(Source records)

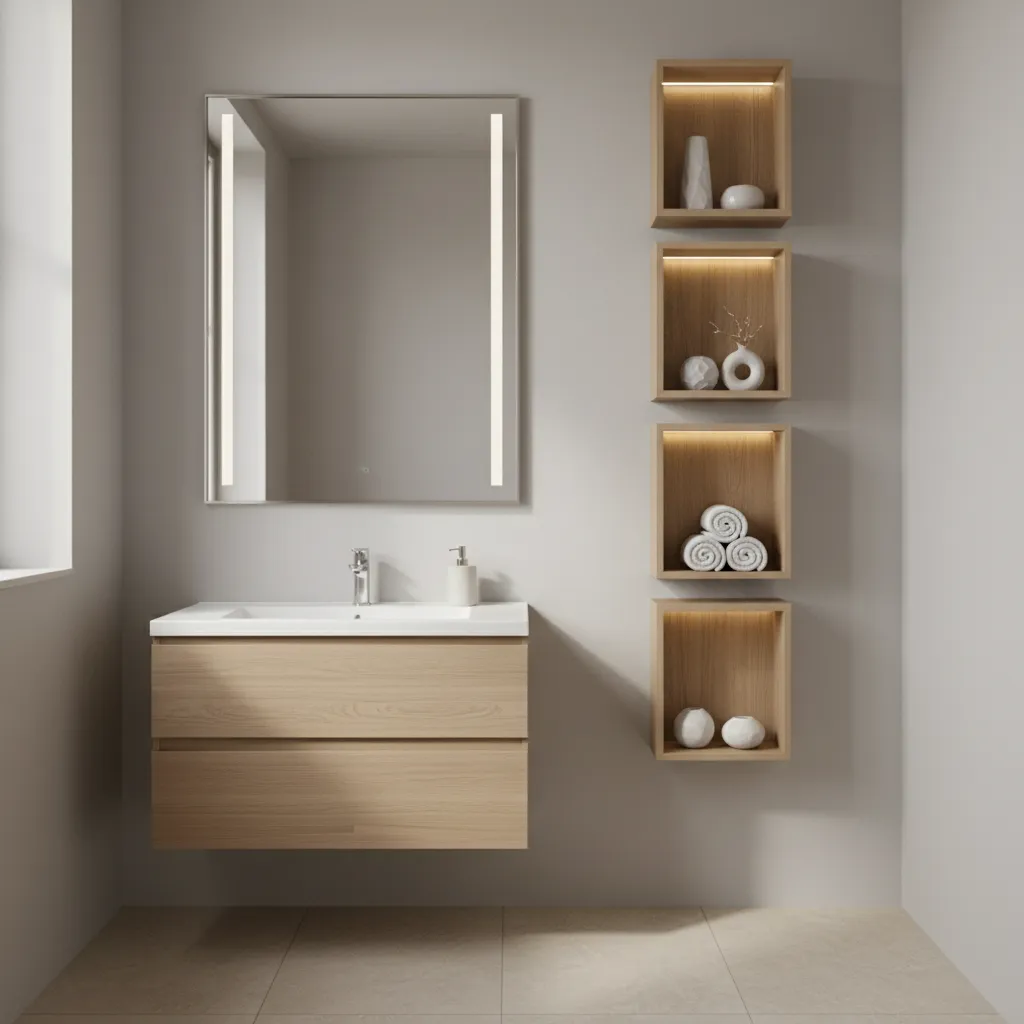Vertical arrangement of three shadow boxes beside a bathroom mirror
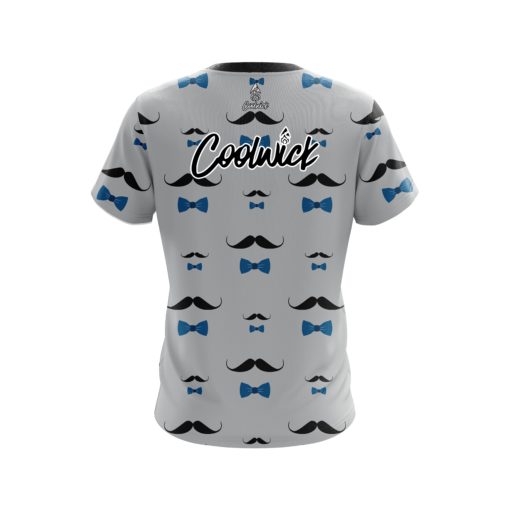 Signature Grey Blue Mustache CoolWick Bowling Jersey - Image 2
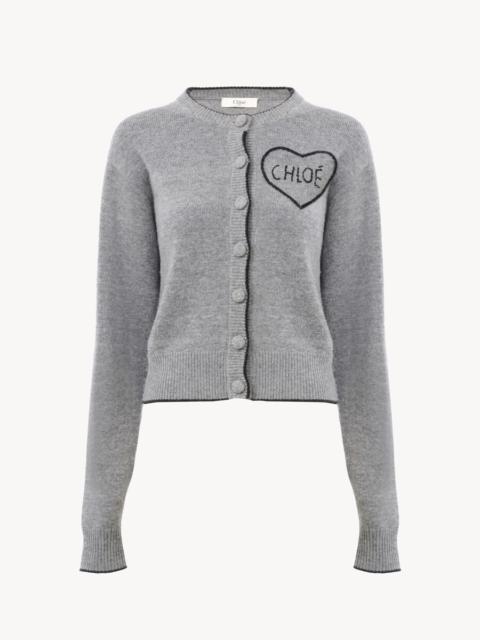 Chloé FITTED LOGO CARDIGAN IN A WOOL & CASHMERE KNIT
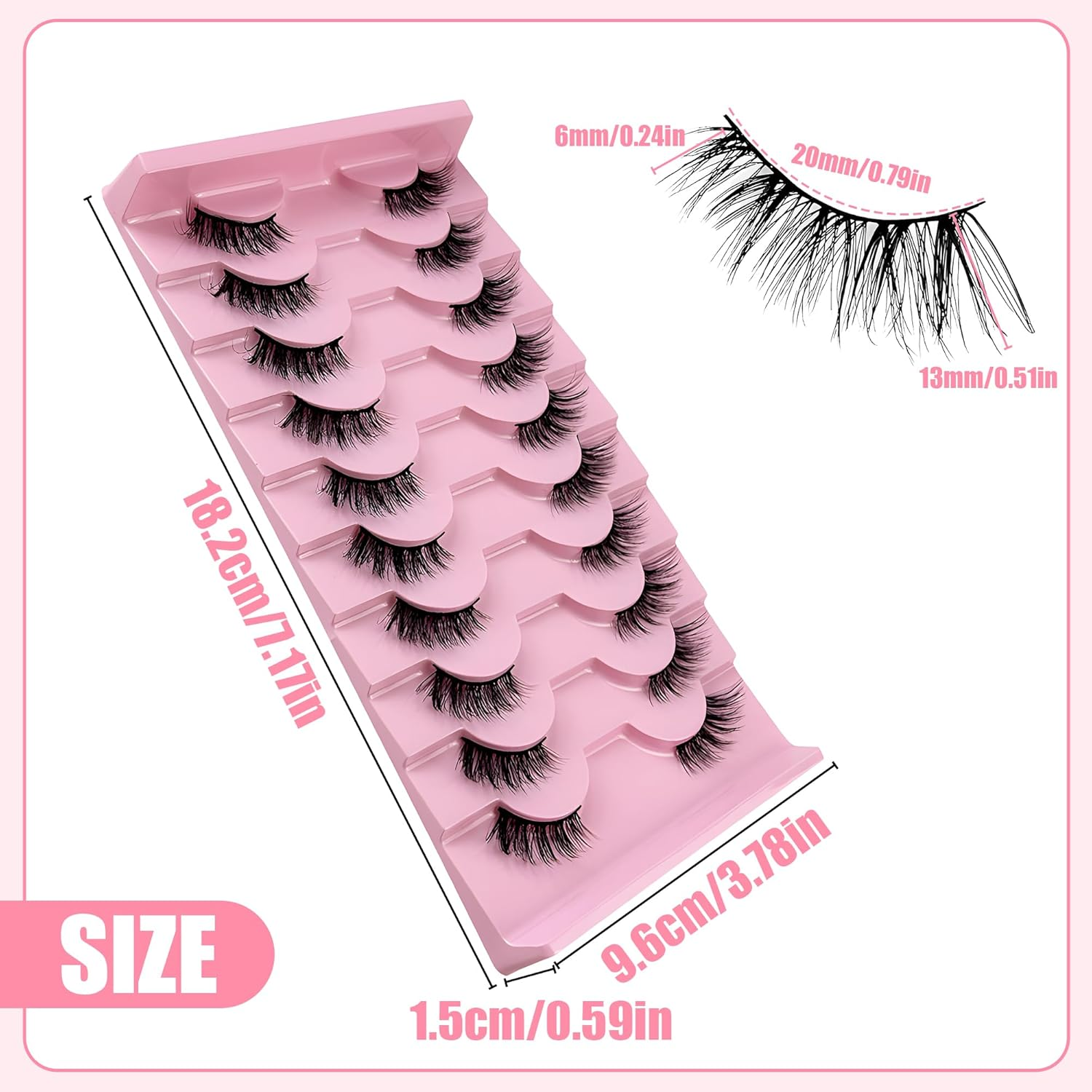 10 Pairs False Eyelashes with Tweezers - Half Lashes Natural Look, Reusable Cat Eye Lashes for Daily/Party/Diy Makeup, 10 Wear Styles, Clear Band & Wispy Demi Lashes (Beginners & Pros) image number 5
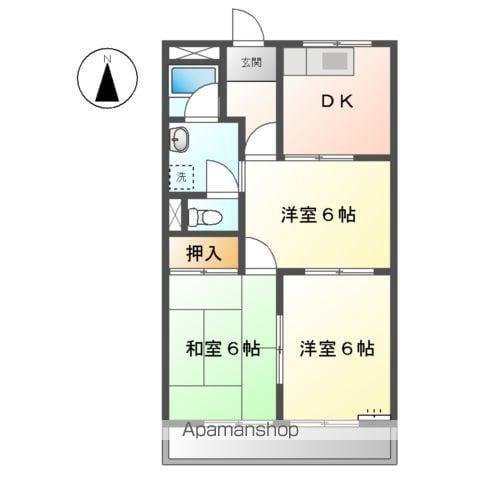 メゾンエクセルⅡ(3K/1階)の間取り写真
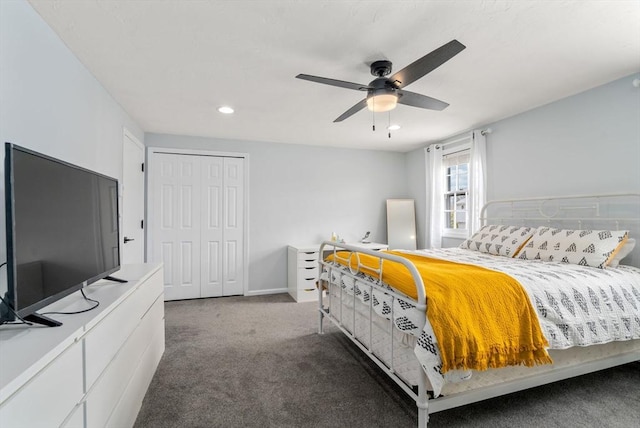 47 Plantation Rd Unit 47, Oxford, MA 01540 - carpeted bedroom featuring baseboards, a closet, ceiling fan, and recessed lighting
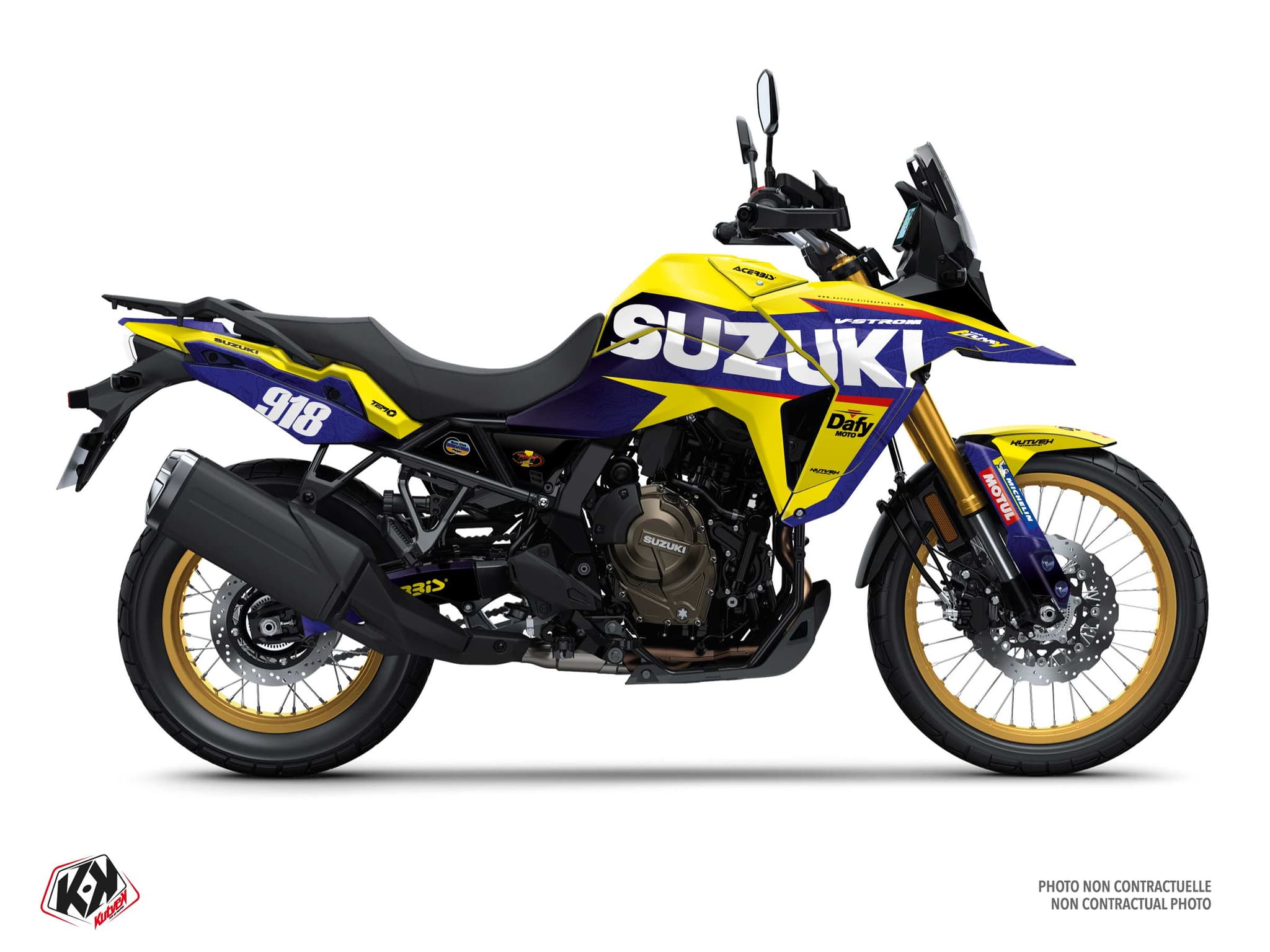 kit graphique moto suzuki v-strom 800 de replica chapeliere sable k25 jaune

* **Assignment**
Skip the pictures, then return the rest of the data exactly.

* **Written response**
Vertical arrangement of three shadow boxes beside a bathroom mirror
 Signature Grey Blue Mustache CoolWick Bowling Jersey - Image 2
 Chloé FITTED LOGO CARDIGAN IN A WOOL & CASHMERE KNIT
 10 Pairs False Eyelashes with Tweezers - Half Lashes Natural Look, Reusable Cat Eye Lashes for Daily/Party/Diy Makeup, 10 Wear Styles, Clear Band & Wispy Demi Lashes (Beginners & Pros) image number 5
 メゾンエクセルⅡ(3K/1階)の間取り写真
 47 Plantation Rd Unit 47, Oxford, MA 01540 - carpeted bedroom featuring baseboards, a closet, ceiling fan, and recessed lighting
 kit graphique moto suzuki v-strom 800 de replica chapeliere sable k25 jaune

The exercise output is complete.